Al terzo disco i texani Dead To A Dying World si presentano facendo le cose in grande coinvolgendo un nutrito numero di ospiti e confermando la produzione del guru Billy Anderson. "Elegy" segue di quattro anni il precedente Litany, uscito per Alerta Antifascista e di tre il convincente "Live At Roadburn 2016". La prima cosa che si nota è il marchio Profound Lore che, come saprete, sbaglia raramente il colpo.
"Elegy" inizia come un album folk di Michael Gira degli Swans grazie all'acustica e introspettiva "Syzygy" ma la successiva "The Seer's Embrace" non perde tempo e piazza il post-metal apocalittico dei Neurosis in faccia all'ascoltatore. Post-metal che prende pieghe mutanti: un po' black metal, un po' post-rock, un po' folk. In pochi minuti la band ci trascina in un mare oscuro: il brano è un saliscendi emotivo diviso tra parti più riflessive alla Godspeed You! Black Emperor ed esplosioni sludge/hardcore.
"Vernal Equinox" è la prima canzone con ospite Jarboe. Ha un andamento meno heavy, più leggiadro, ma senza rinunciare all'anima profondamente doom. I 10 minuti di "Empty Hands, Hollow Hymns" partono in quarta con una scarica black metal che pian pianino muta in qualcosa di diverso che potremmo banalmente etichettare come post-black metal: arpeggi, archi, momenti rilassati, un senso di continua tensione che sfocia in urla rabbiose.

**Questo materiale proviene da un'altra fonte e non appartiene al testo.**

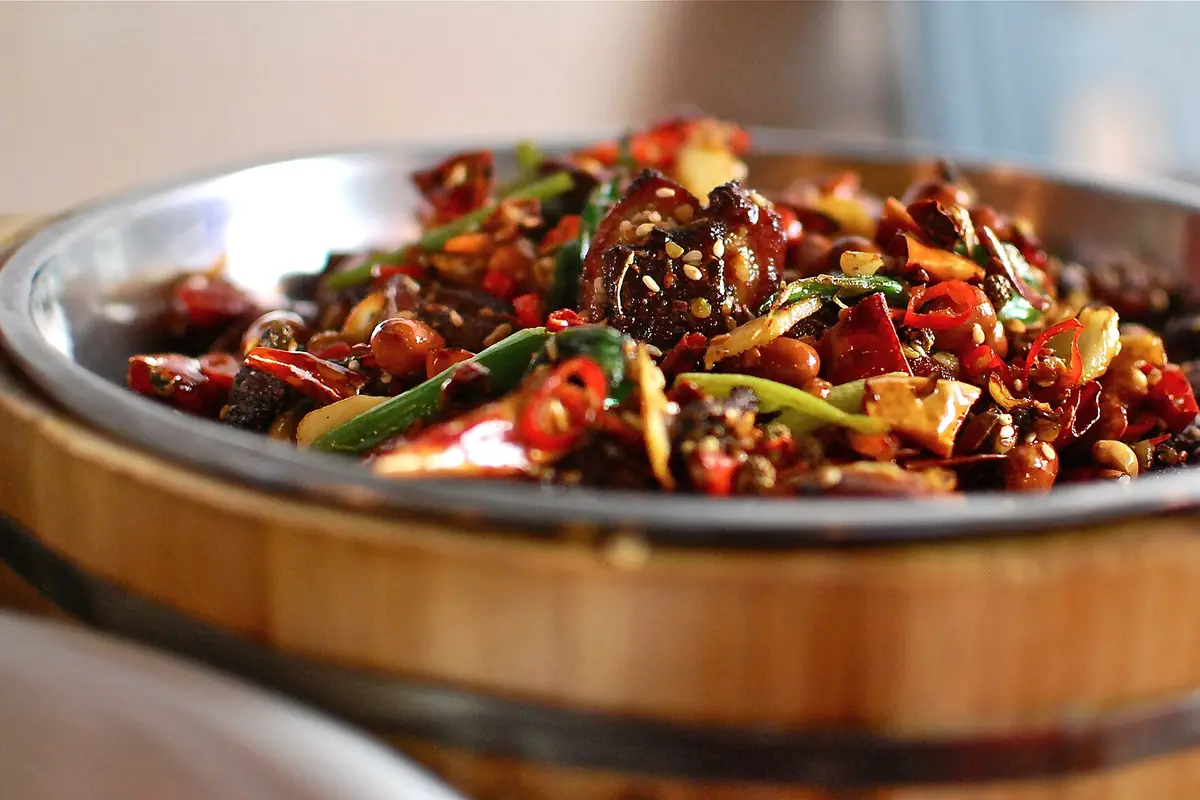 Chili-covered stir-fried meat served in a round metal bowl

"Hewn From Failing Water" è l'ultima parentesi "folk" prima dei quindici minuti di "Of Moss And Stone", monolite nero in cui ritorna il contributo di Jarboe.
Oltre a Jarboe gli ospiti del disco sono Dylan Desmond (Bell Witch), Emil Rapstine (The Angelus), Pablo C. Urusson (Sangre de Muerdago) e Tim Duffield (ex-Sans Soleil).
Se dovete scegliere di ascoltare un solo disco post-metal in questo 2019 scegliete "Elegy".
[Dale P.]
Canzoni significative: Of Moss And Stone, Empty Hands Hollow Hymns.